▶ **Work instruction**
Beginning at the top of the entries below, retype each line exactly until the line containing "2019 CHEVROLET TRAX — VIN LSGCJKSB9KY011981" has been written out; include no pictures and no later lines.

▶ **Information shown**
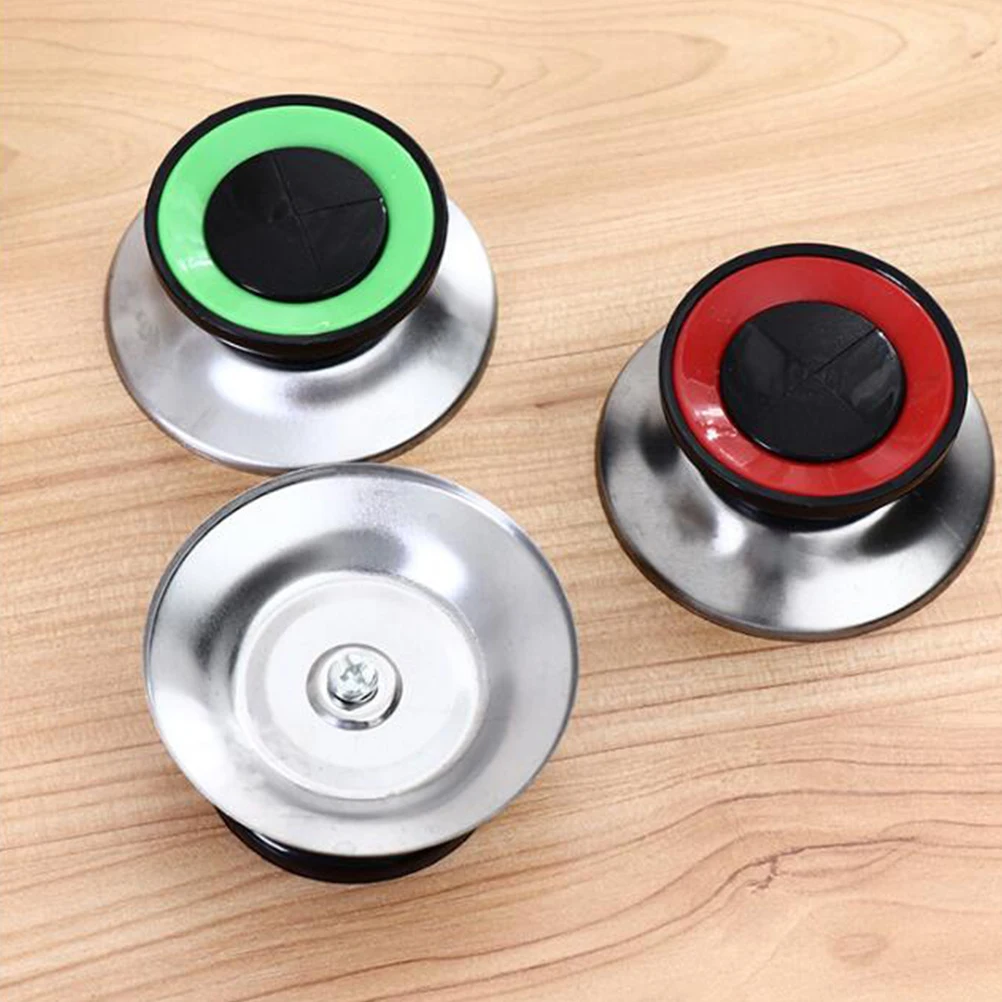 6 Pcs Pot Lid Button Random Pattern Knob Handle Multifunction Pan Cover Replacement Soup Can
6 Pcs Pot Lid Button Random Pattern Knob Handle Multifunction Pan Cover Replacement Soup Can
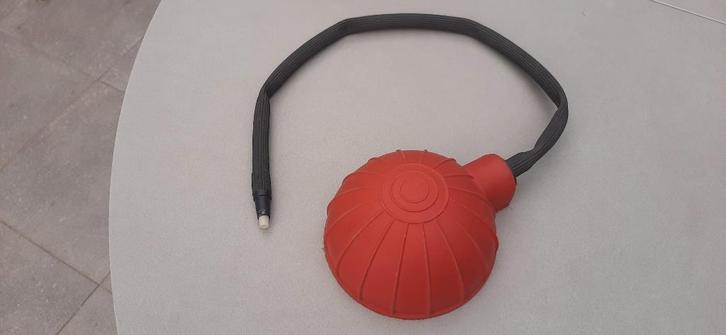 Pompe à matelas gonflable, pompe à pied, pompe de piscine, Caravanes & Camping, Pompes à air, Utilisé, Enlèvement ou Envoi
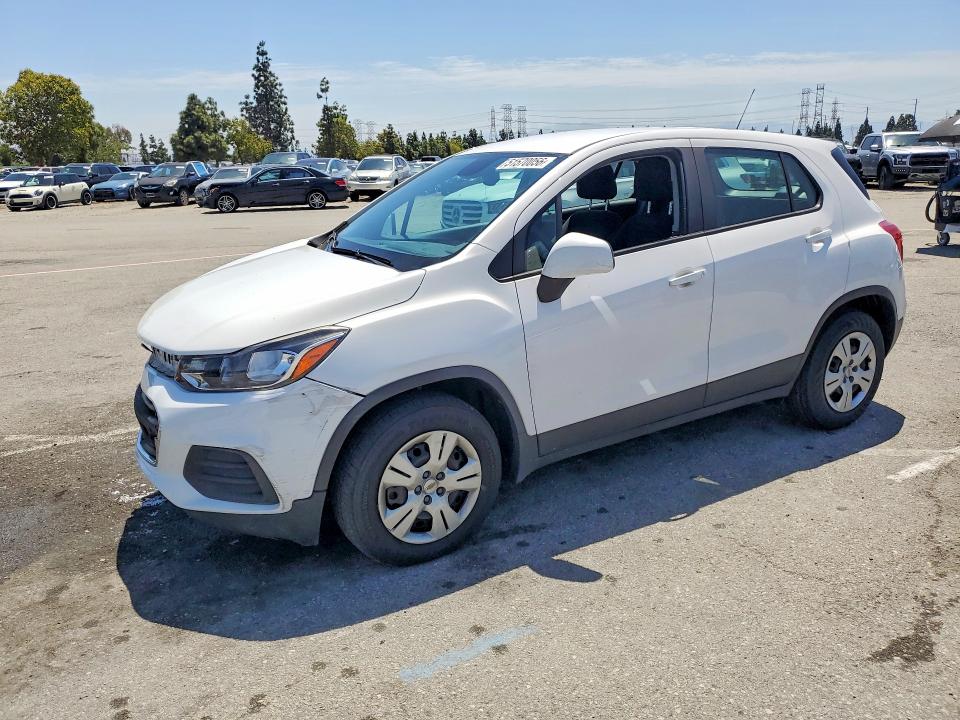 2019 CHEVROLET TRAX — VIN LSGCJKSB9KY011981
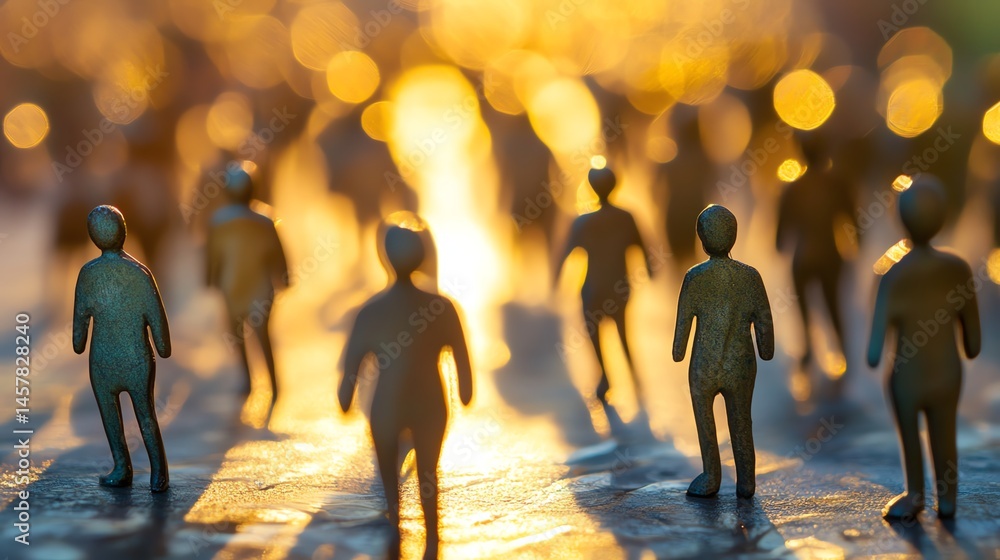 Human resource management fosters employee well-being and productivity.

▶ **Answer box**
 6 Pcs Pot Lid Button Random Pattern Knob Handle Multifunction Pan Cover Replacement Soup Can
6 Pcs Pot Lid Button Random Pattern Knob Handle Multifunction Pan Cover Replacement Soup Can
 Pompe à matelas gonflable, pompe à pied, pompe de piscine, Caravanes & Camping, Pompes à air, Utilisé, Enlèvement ou Envoi
 2019 CHEVROLET TRAX — VIN LSGCJKSB9KY011981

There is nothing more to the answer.